++++ Source information
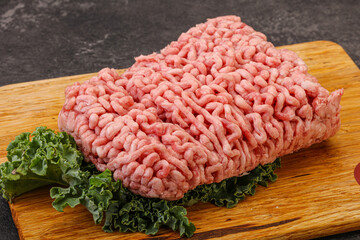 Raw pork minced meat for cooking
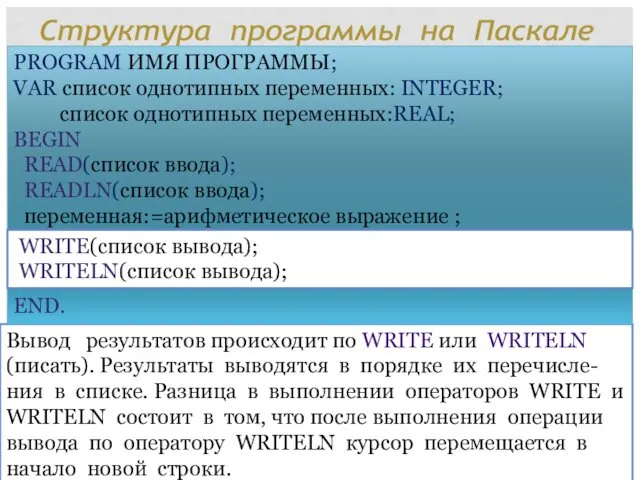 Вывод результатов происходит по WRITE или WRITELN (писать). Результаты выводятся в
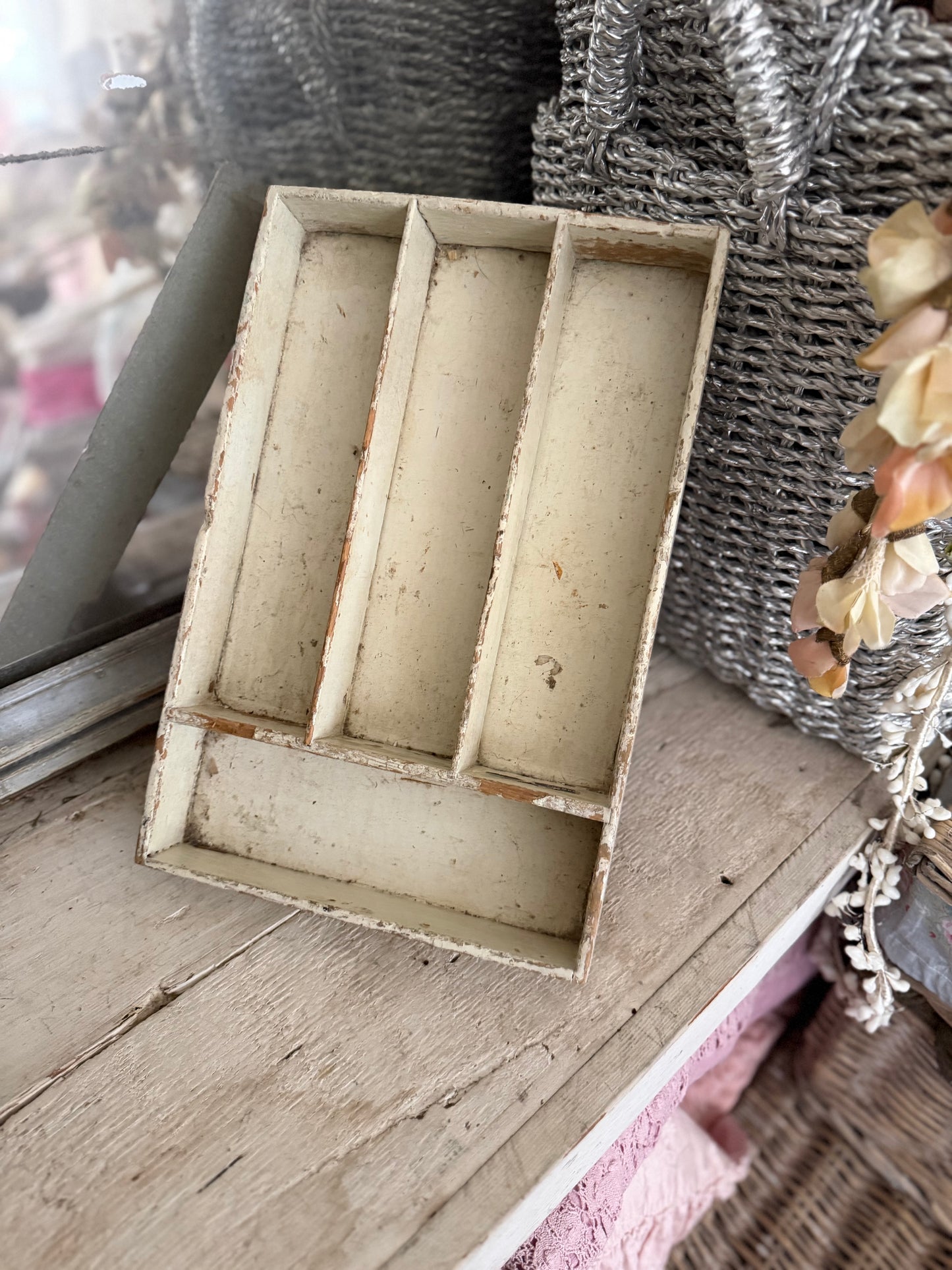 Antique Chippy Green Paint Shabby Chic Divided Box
++++++++
++++ Source information
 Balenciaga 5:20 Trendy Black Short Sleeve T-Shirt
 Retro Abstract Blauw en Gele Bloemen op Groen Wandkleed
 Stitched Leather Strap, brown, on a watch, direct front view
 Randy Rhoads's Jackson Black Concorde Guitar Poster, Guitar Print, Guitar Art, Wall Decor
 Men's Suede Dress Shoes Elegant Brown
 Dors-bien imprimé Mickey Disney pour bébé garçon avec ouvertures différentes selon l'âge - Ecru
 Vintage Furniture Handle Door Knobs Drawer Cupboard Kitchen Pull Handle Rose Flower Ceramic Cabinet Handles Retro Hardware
++++++++
● Instructions to follow: Using the data above, return every line that contains the string "Retro".

● Final answer:
 Retro Abstract Blauw en Gele Bloemen op Groen Wandkleed
 Vintage Furniture Handle Door Knobs Drawer Cupboard Kitchen Pull Handle Rose Flower Ceramic Cabinet Handles Retro Hardware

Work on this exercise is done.